Reasons for Designation
The Seagull, lying off Horsey Gap, near Great Yarmouth, Norfolk, is scheduled for the following principal reasons:
* Period: The hybrid technology of the paddle steamer Seagull, using both sail and steam power, is highly representative of the mid-C19 period, which saw rapid development in steam technology; the Seagull demonstrating adaption of steam to sailing cargo vessels;
* Rarity: The Seagull is a rare early example of a sail assisted paddle steamer;
* Potential: In the absence of primary documentary sources, the Seagull offers the opportunity to study the hull form and machinery of an early steamship;
* Survival: Geophysical survey indicates that archaeologically significant features, such as the early compound engine, appear to survive within the wreck, and;
* Group value: With another early steam ship, The Xanthe (National Heritage List 1464587) also wrecked off Horsey Gap. Both the Seagull and the Xanthe were wrecked in collisions with other steam ships; the Seagull in 1868 and the Xanthe in 1869.
Seagull was built in 1848 in Belfast by Coates and Young at Lagan Foundry as an iron-built two-masted steam paddle schooner with a two-cylinder compound engine. The ship was a cargo vessel and had been used as a cargo transport for around 20 years before it sank in a collision in 1868. The wreck has been identified by the discovery of its bell, which was inscribed 'SEAGULL 1848'. The ship is a rare example of a sail-assisted paddle steamer, a type of vessel that became obsolete in the mid-C19 with the development of screw propeller driven vessels.
The C19 was an extremely important period in UK maritime history for the advancement of ship design and technological development. The century saw the revolutionary transition from sail to steam, from paddle to screw propeller, wood to iron and then steel, an enormous increase in the size of ships and the development of many specialist types of merchant vessel. The mid-C19 century was a particularly critical period in the adoption of new technologies.
The UK Hydrographic Office records that the Seagull was first reported in 1941 as a wreck with a spar showing above the water at low tide.
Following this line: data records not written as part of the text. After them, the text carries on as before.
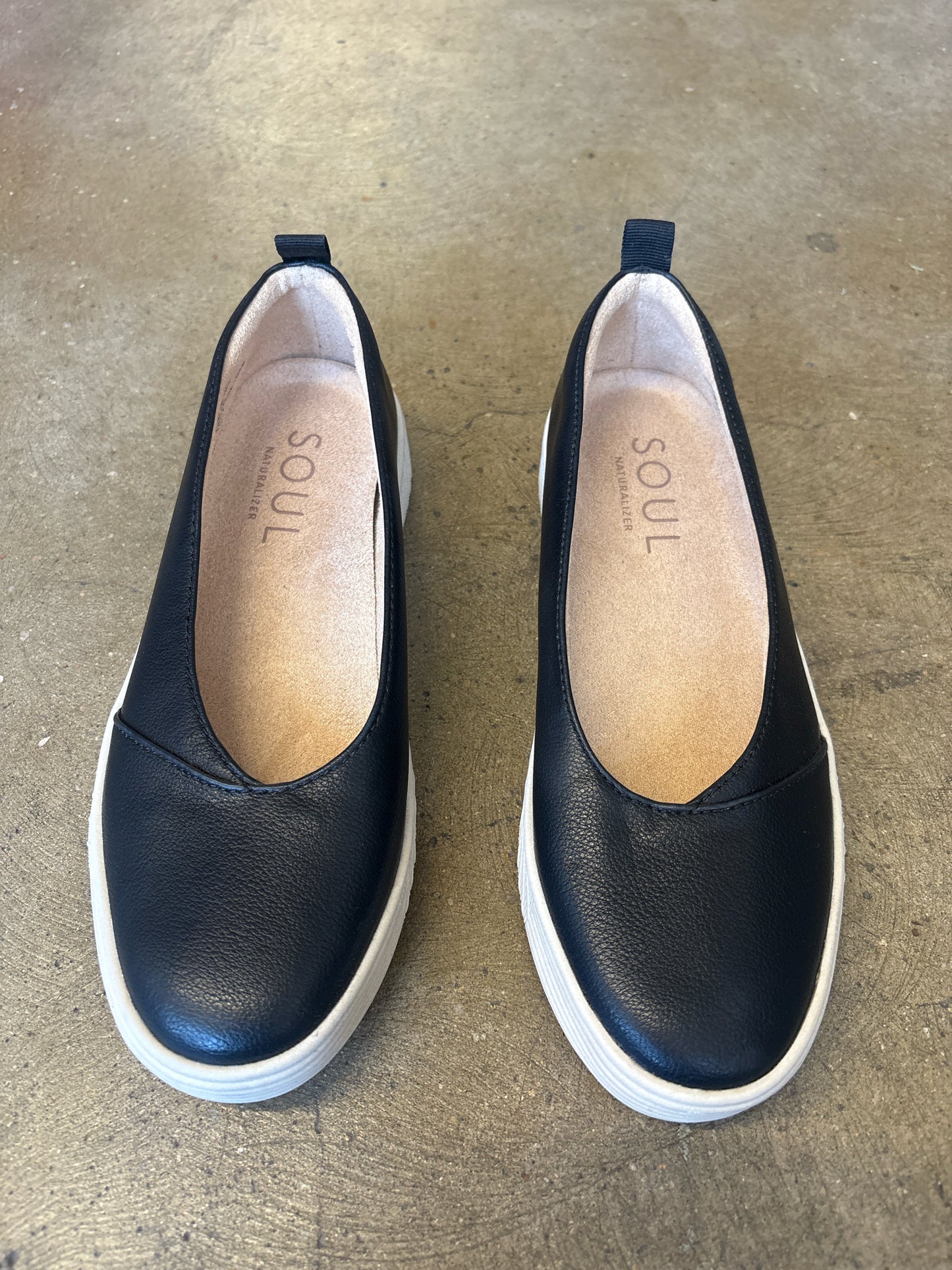 Soul Shoe Size 7 Black/Cream Round Flats
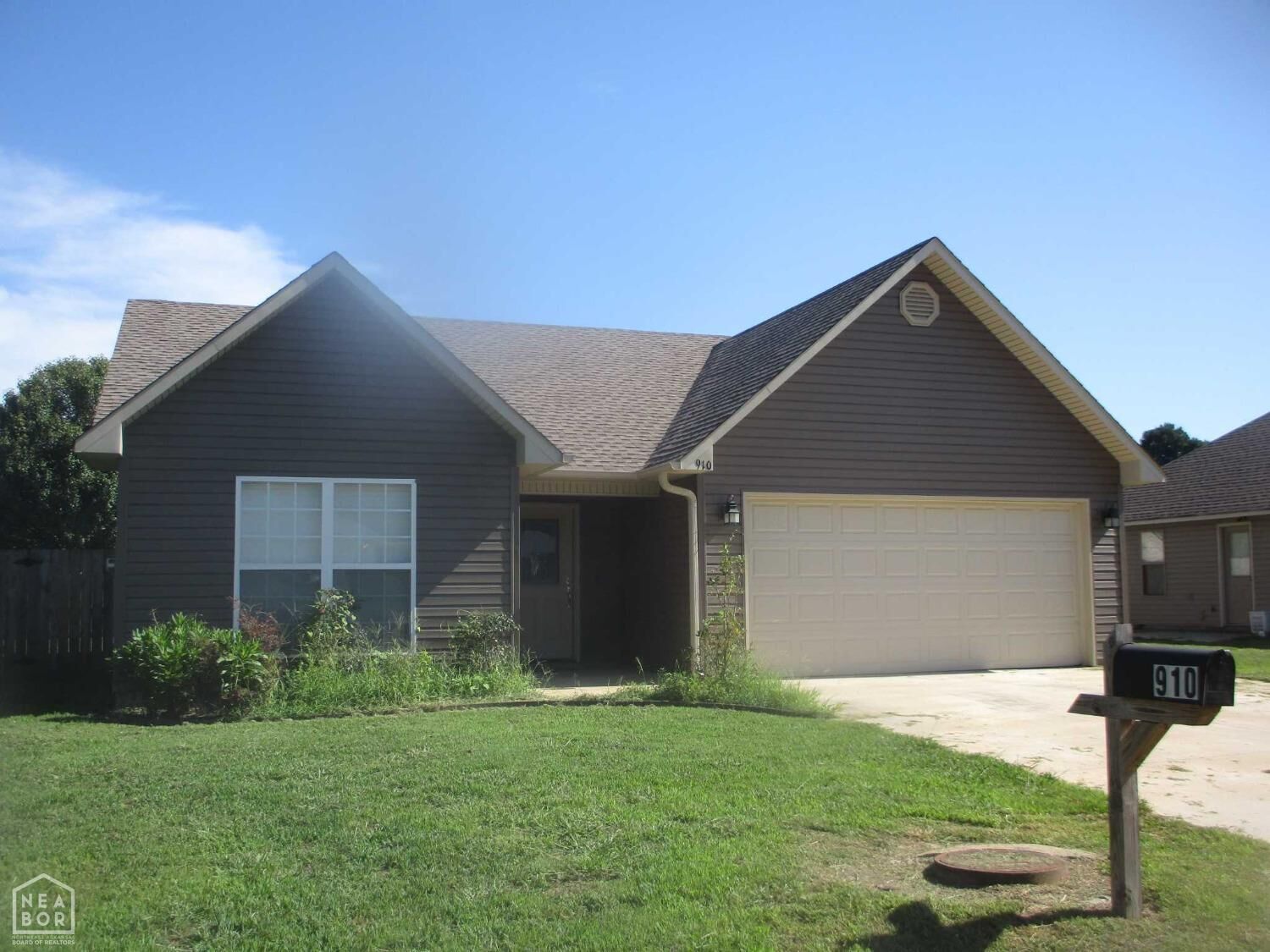 Property Photo:  910 Silverleaf Cove  AR 72416 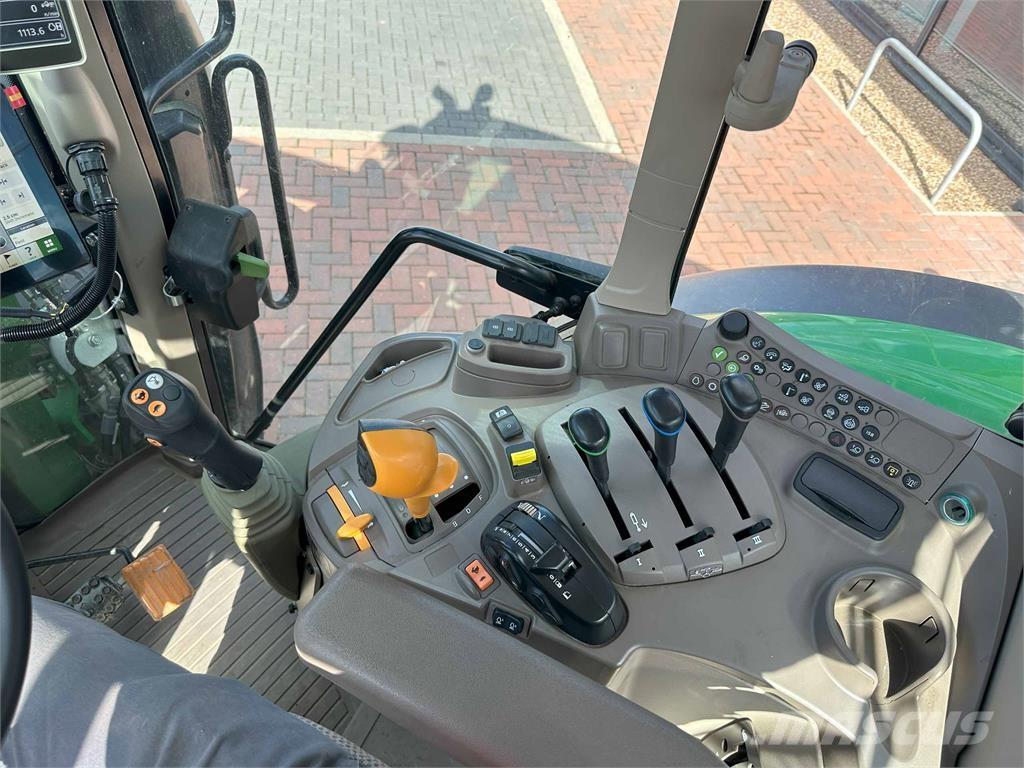 John Deere 6110M Traktori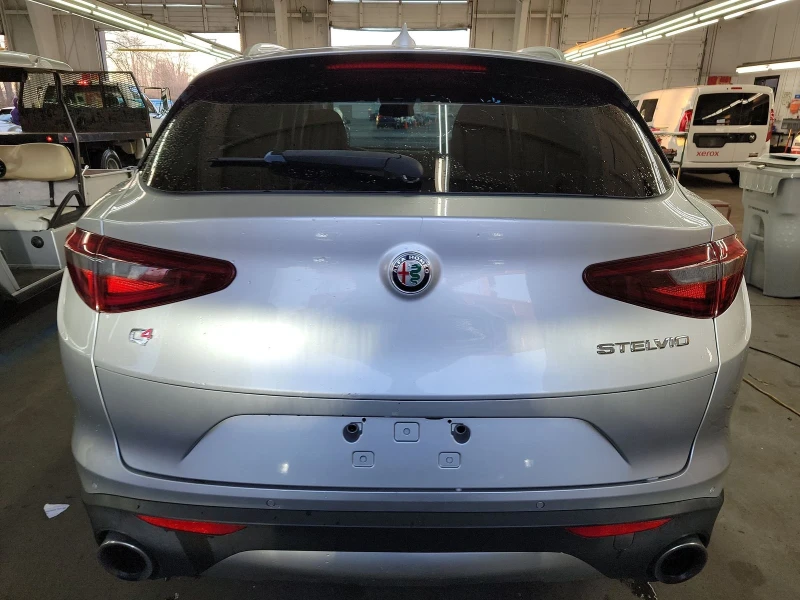 Alfa Romeo Stelvio, снимка 7 - Автомобили и джипове - 49061598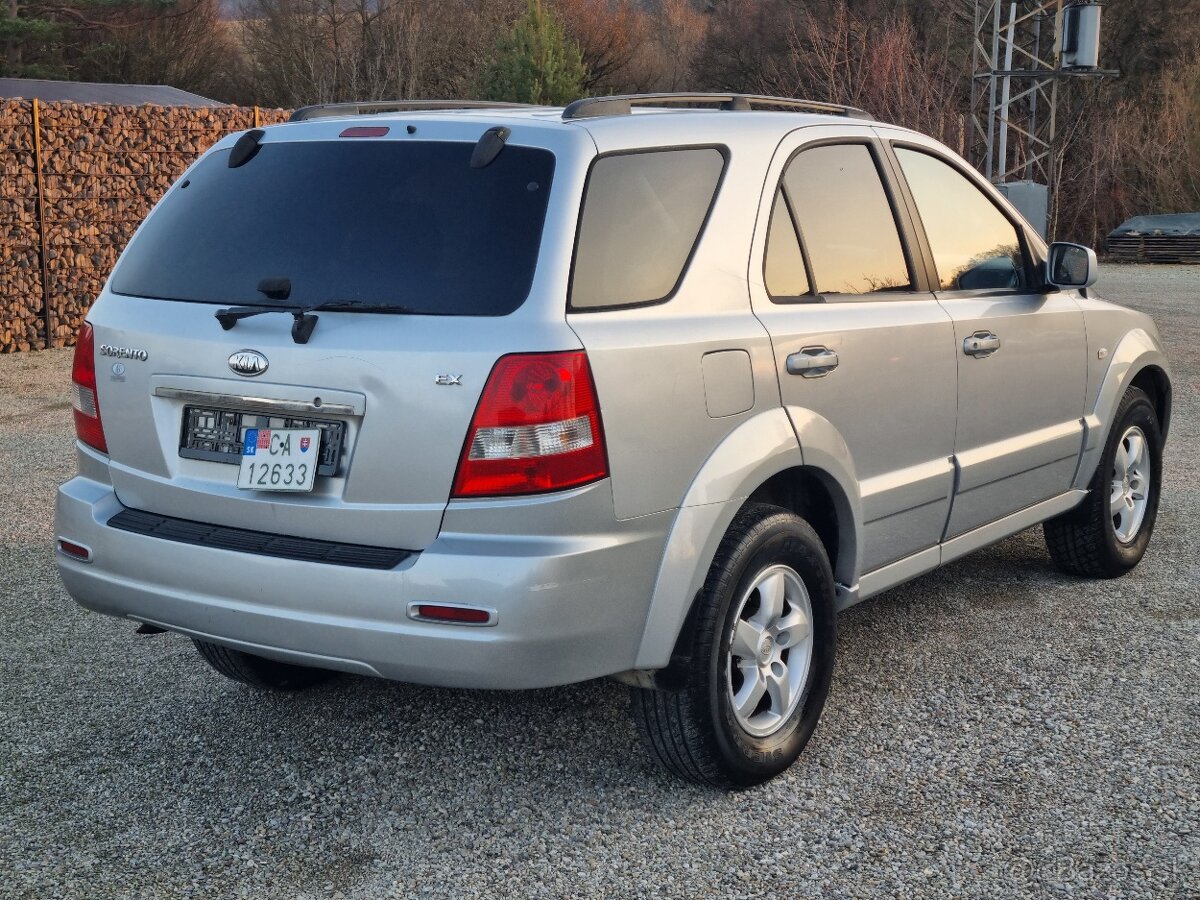 KIA SORENTO 2,5CRDi 4x4 - 8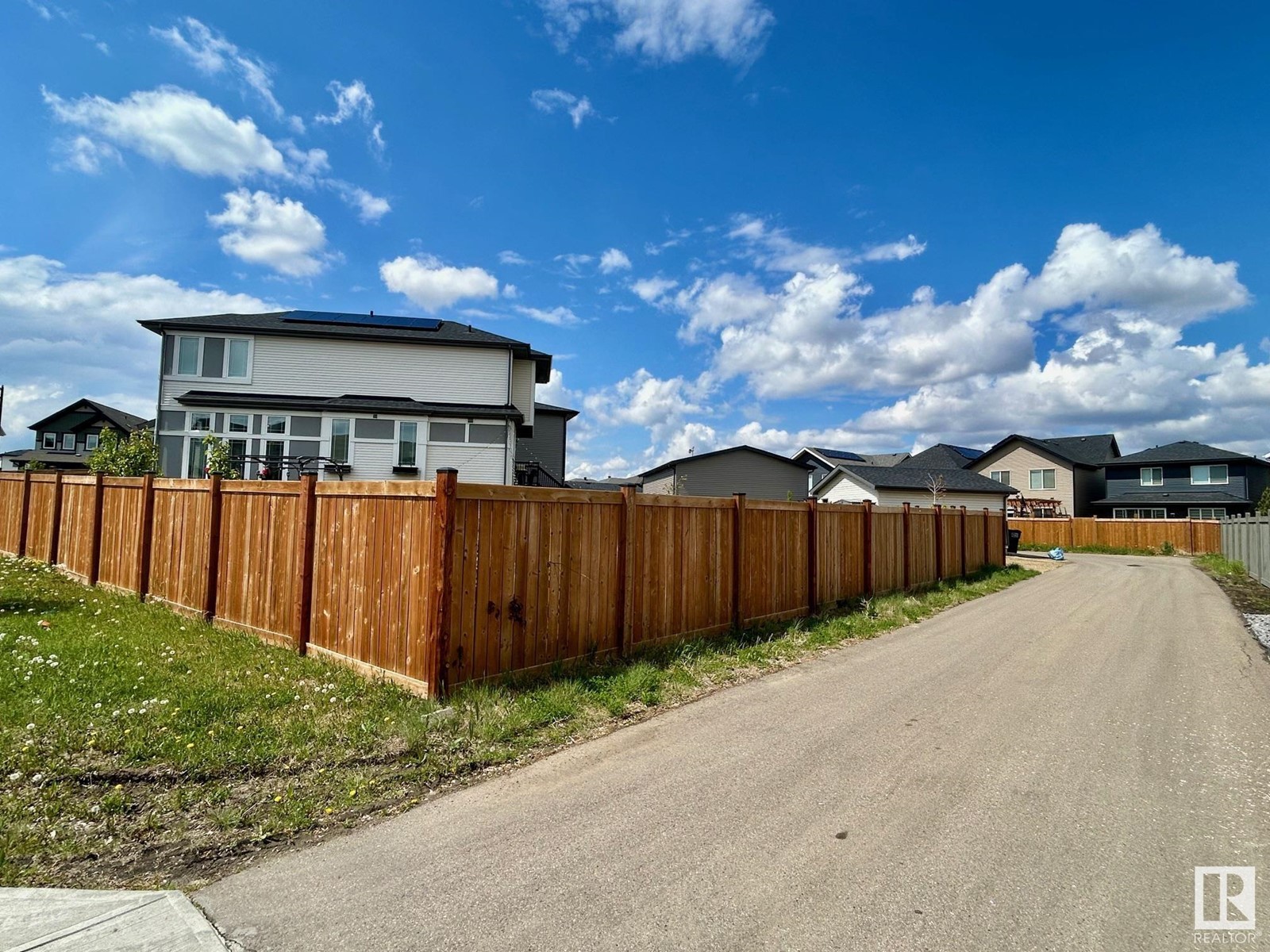 20932 130 Av Nw, Edmonton, Alberta  T5S 0L4 - Photo 29 - E4438549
In 1979 it was observed by side-scan sonar, in which the wreck appeared broken however, when last examined in 1983, side-scan sonar showed that the wreck stood some 9m proud of the seabed.
In 1994 divers reported finding the remains of paddle wheels, as well as metal hull plates and decking on the wreck. However, recent geophysical surveys conducted for the Norfolk Vanguard Offshore Wind Farm show that whilst partially disintegrated, the vessel remains upright and largely intact; still rising a significant height above the sea floor.
The Seagull is therefore of high archaeological and historical interest on the basis that it evidences a period of rapid development of steam technology and shows the adaptation of this technology to sailing cargo vessels. The Seagull is also an early example of an iron hulled vessel fitted with early compound engines.